Search code examples
c#f#tail-recursionciltail-call-optimization

What is the purpose of the extra ldnull and tail. in F# implementation vs C#?

The following C# function:

T ResultOfFunc<T>(Func<T> f)
{
    return f();
}

compiles unsurprisingly to this:

IL_0000:  ldarg.1     
IL_0001:  callvirt    05 00 00 0A 
IL_0006:  ret

But the equivalent F# function:

let resultOfFunc func = func()

compiles to this:

IL_0000:  nop         
IL_0001:  ldarg.0     
IL_0002:  ldnull      
IL_0003:  tail.       
IL_0005:  callvirt    04 00 00 0A 
IL_000A:  ret

(Both are in release mode). There's an extra nop at the beginning which I'm not too curious about, but the interesting thing is the extra ldnull and tail. instructions.

My guess (probably wrong) is that ldnull is necessary in case the function is void so it still returns something (unit), but that doesn't explain what is the purpose of the tail. instruction.

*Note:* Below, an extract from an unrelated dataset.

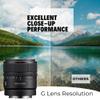 Sony E 15mm F1.4 G APS-C Large Aperture Wide Angle G Lens Photography - Compact Size, Fast Autofocus Bundle with Editing Software, 64GB Memory Card, Mug, and Accessories (5 Items) view 4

And what happens if the function does push something on the stack, isn't it stuck with an extra null that doesn't get popped?

Solution

  • The C# and F# versions have an important distinction: C# function doesn't have any parameters, but F# version has one parameter of type unit. That unit value is what shows up as ldnull (because null is being used as representation of the only unit value, ()).

    If you were to translate the second function to C#, it would look like this:

    T ResultOfFunc<T>( Func<Unit, T> f ) {
   return f( null );
}

    As for the .tail instruction - that is so called "tail call optimization".
    During a regular function call, a return address gets pushed on the stack (the CPU stack) and then the function is called. When the function is done, it executes the "return" instruction, which pops the return address off the stack and transfers control there.
    However, when function A calls function B, and then immediately returns function B's return value, without doing anything else, the CPU can skip pushing the extra return address on the stack, and perform a "jump" to B instead of a "call". That way, when B executes the "return" instruction, the CPU will pop return address from the stack, and that address will point not to A, but to whoever called A in the first place.
    Another way to think about it is: function A calls function B not before returning, but instead of returning, and thus delegates the honor of returning to B.

    So in effect, this magic technique allows us to make a call without consuming a spot on the stack, which means that you can perform arbitrarily many such calls without risking stack overflow. This is very important in functional programming, because it allows to efficiently implement recursive algorithms.

    It is called "tail call", because call to B happens, so to say, at the tail of A.